Songs We Love: Florence Price, 'Violin Concerto No. 2' (14:16)
February 9, 2018
Tom Huizenga
By her own admission, composer Florence Price had two strikes against her.
"To
begin with I have two handicaps – those of sex and race. I am a woman;
and I have some Negro blood in my veins," is how she began a 1943 letter
to Serge Koussevitzky, the revered conductor of the Boston Symphony
Orchestra. She added later, "I would like to be judged on merit alone."
Koussevitzky
never gave her music a chance, but along the way a few others did.
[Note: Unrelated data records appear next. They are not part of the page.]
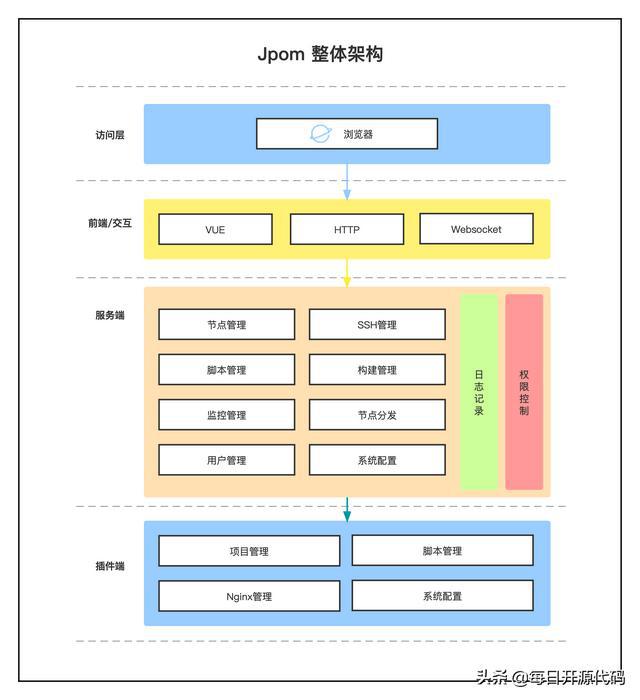 pc運維外包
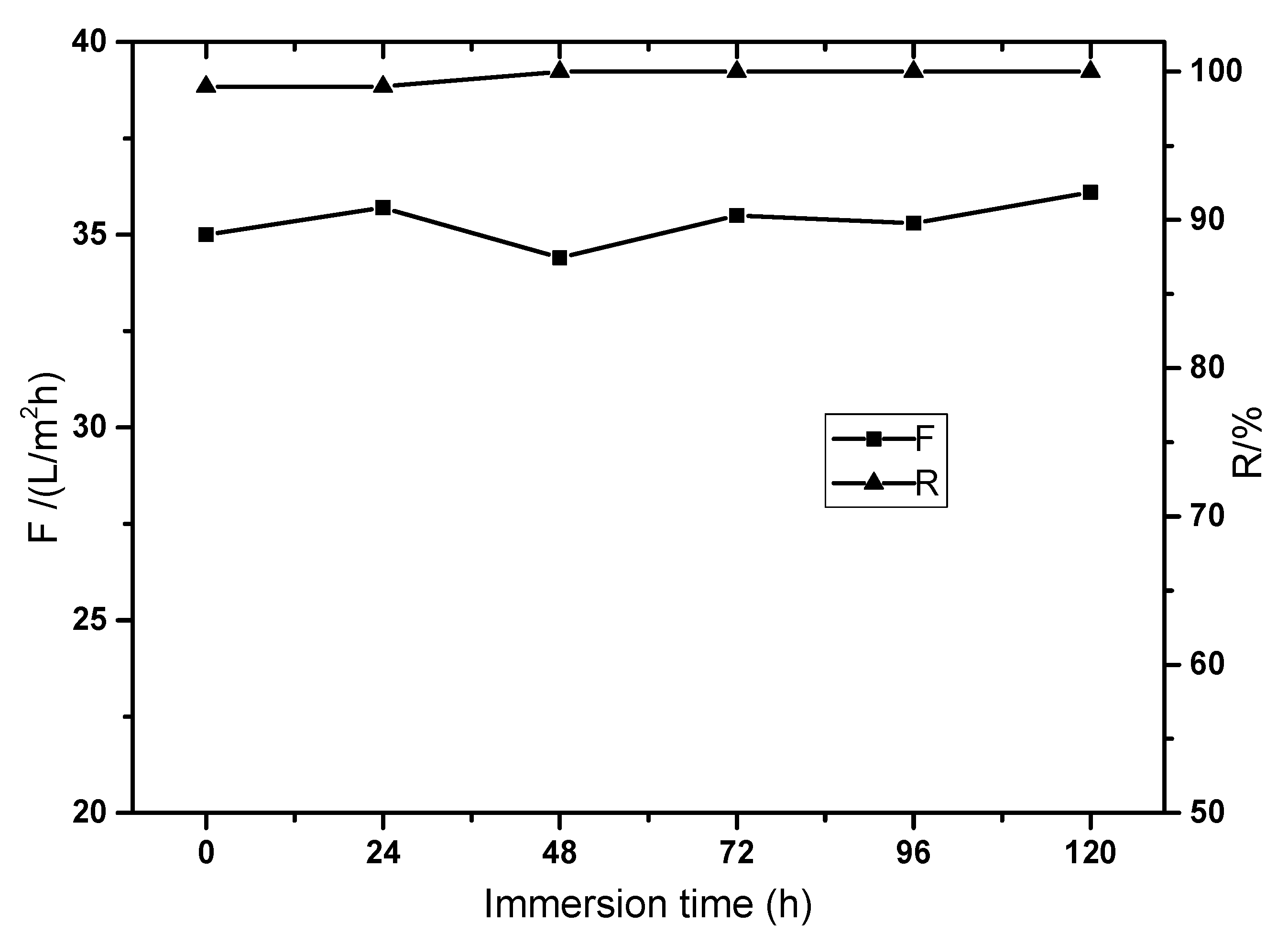 Polymers 14 01353 g006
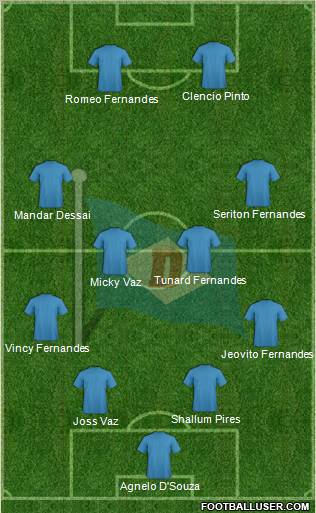 Dempo Sports Club 4-4-2 football formation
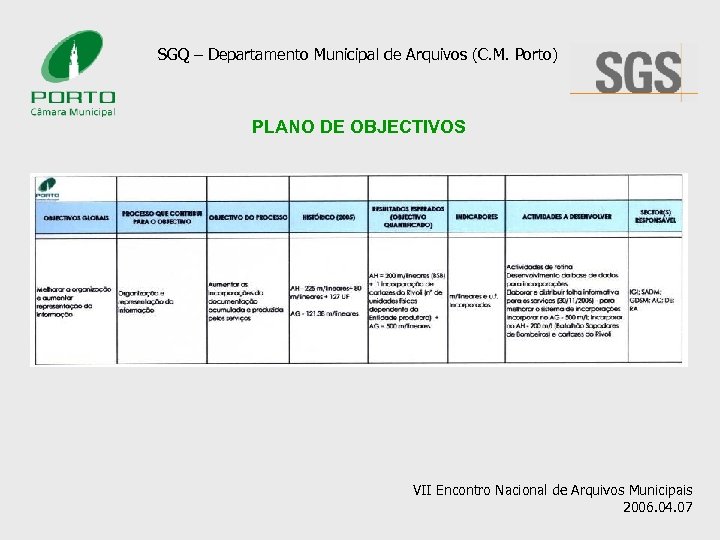 SGQ – Departamento Municipal de Arquivos (C. M. Porto) PLANO DE OBJECTIVOS VII Encontro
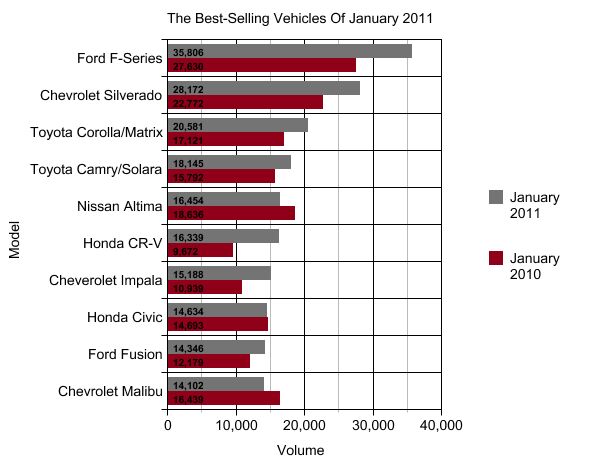chart of the day the best selling vehicles of january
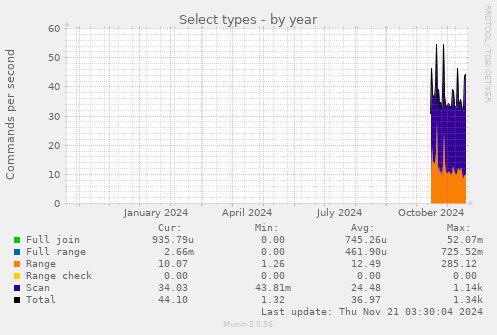 Select types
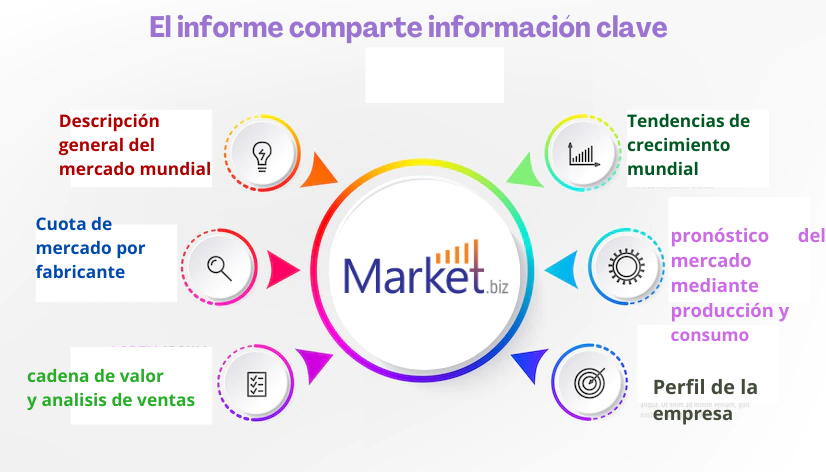 De Alta Presión Bombas De Refuerzo market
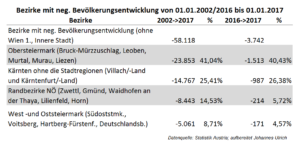 Bevölkerungsentwicklung 2016 – Stadtregion Graz wächst – Abwandungsbezirke schrumpfen weiter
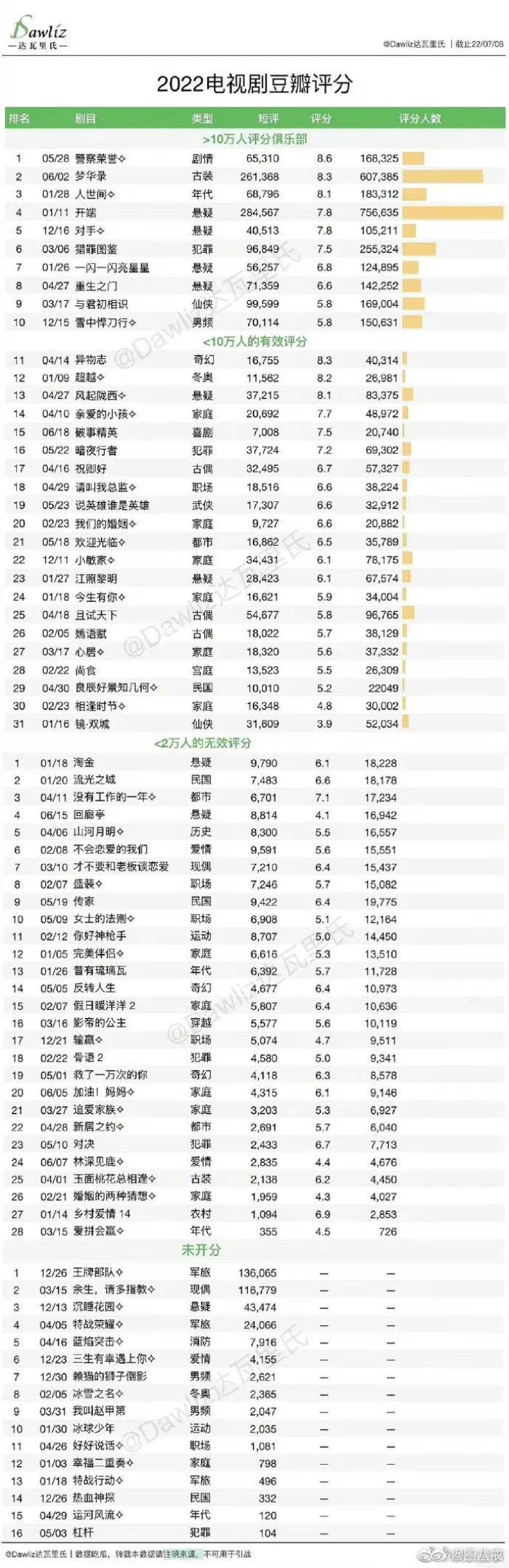 Điểm Douban phim Hoa ngữ nửa đầu 2022: Thả Thí Thiên Hạ, Mộng Hoa Lục thua thảm trước phim của Bạch Lộc Ảnh 1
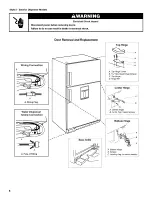 Предварительный просмотр 8 страницы Whirlpool WRT771REYB00 User Instructions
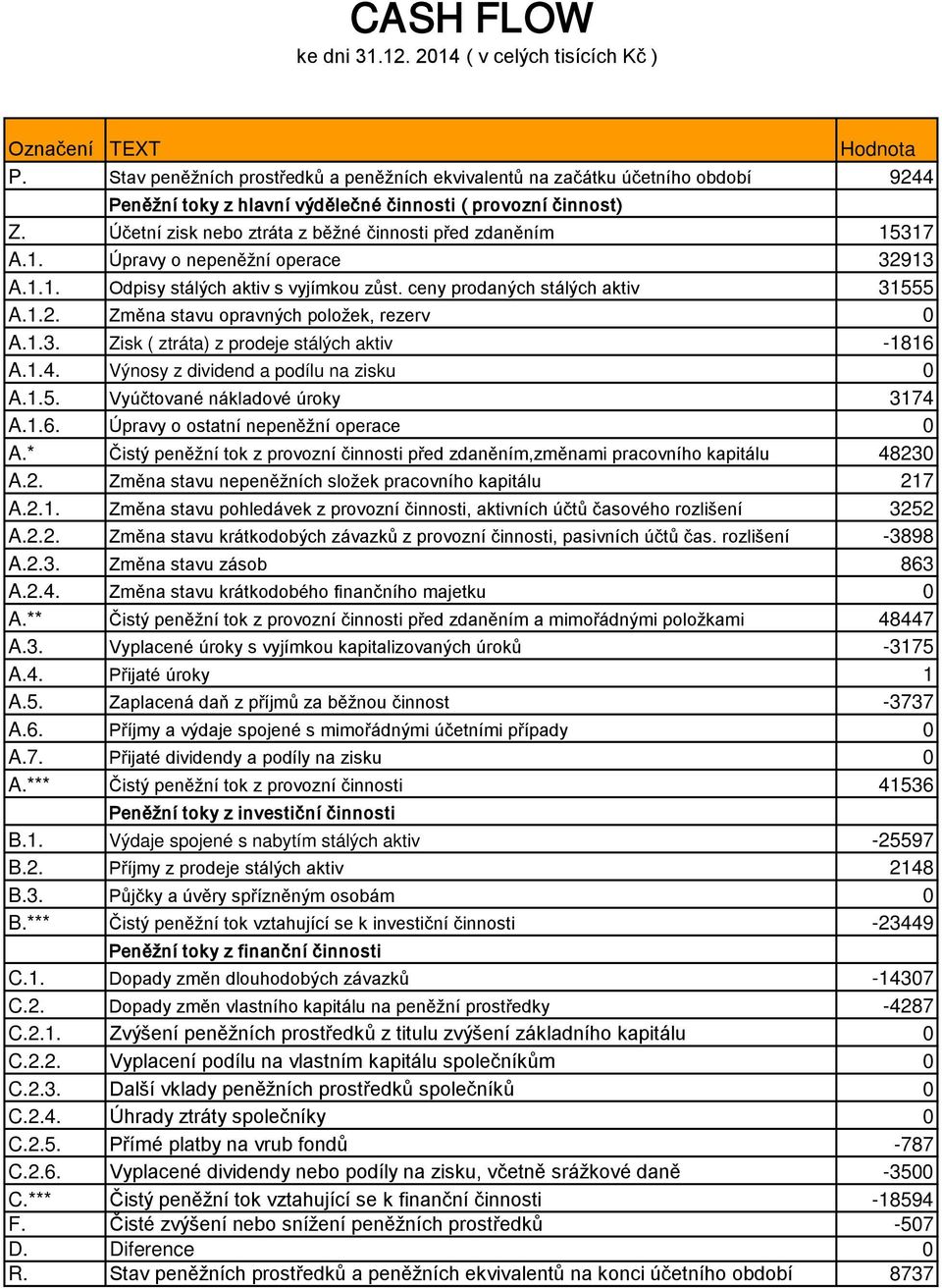 Účetní zisk nebo ztráta z běžné činnosti před zdaněním 15317 A.1. Úpravy o nepeněžní operace 32913 A.1.1. Odpisy stálých aktiv s vyjímkou zůst. ceny prodaných stálých aktiv 31555 A.1.2. Změna stavu opravných položek, rezerv 0 A.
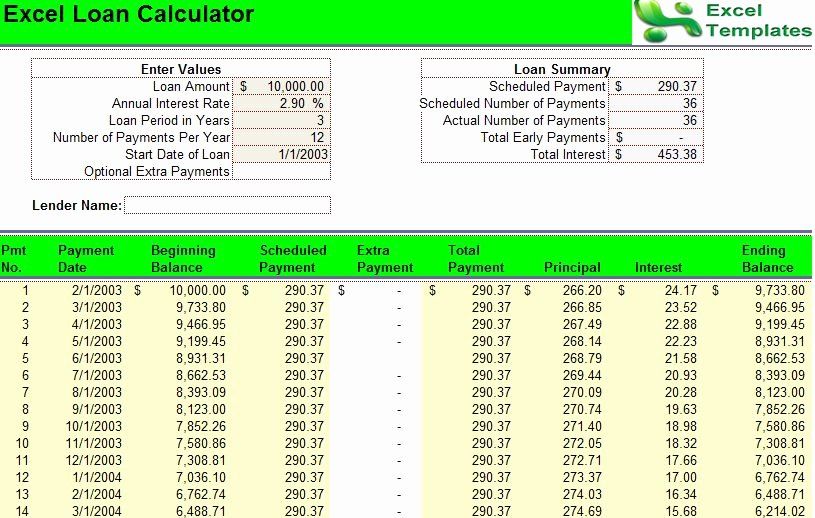 Car Loan formula Excel Elegant Car Loan Calculator Interest Paid in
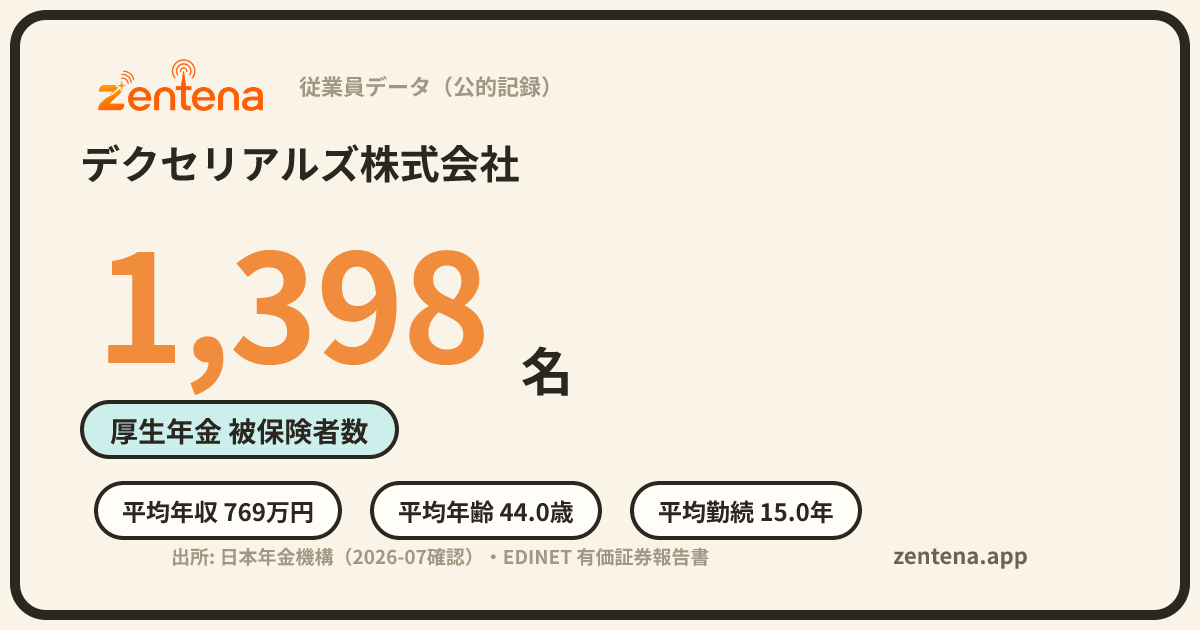 デクセリアルズ株式会社の従業員データカード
Even
so, her music is little known – and some of it was lost for decades –
but now Price is finally receiving a little belated recognition. There's
a profile in the New Yorker by Alex Ross and a new recording of two recently discovered Violin Concertos on the Albany label.
Price
completed her Violin Concerto No. 2 in 1952, the year before her sudden
death at age 66, just as she was set to explore career possibilities in
Europe. The manuscript was never published and considered lost sometime
after 1975, when Price's daughter died. The concerto, along with other
music and personal papers, was discovered by accident in 2009 when
renovators opened up an abandoned house Price once owned some 70 miles
south of Chicago.
Unfolding over a relatively brief 14-minute span, the
concerto opens with a sober orchestral introduction, pausing for a beat
to let the solo violin make its honeyed, serpentine entrance. Violinist
Er-Gene Kahng's tone, round and lustrous, is well-suited to the
concerto's breezy melodic theme and dotted rhythm, which propels the
music forward. Along with Price's harmonies – with their tasteful dabs
of dissonance – the music is reminiscent of the sweeping, melody-driven
American violin concertos of the 1930s by Samuel Barber and Erich Korngold.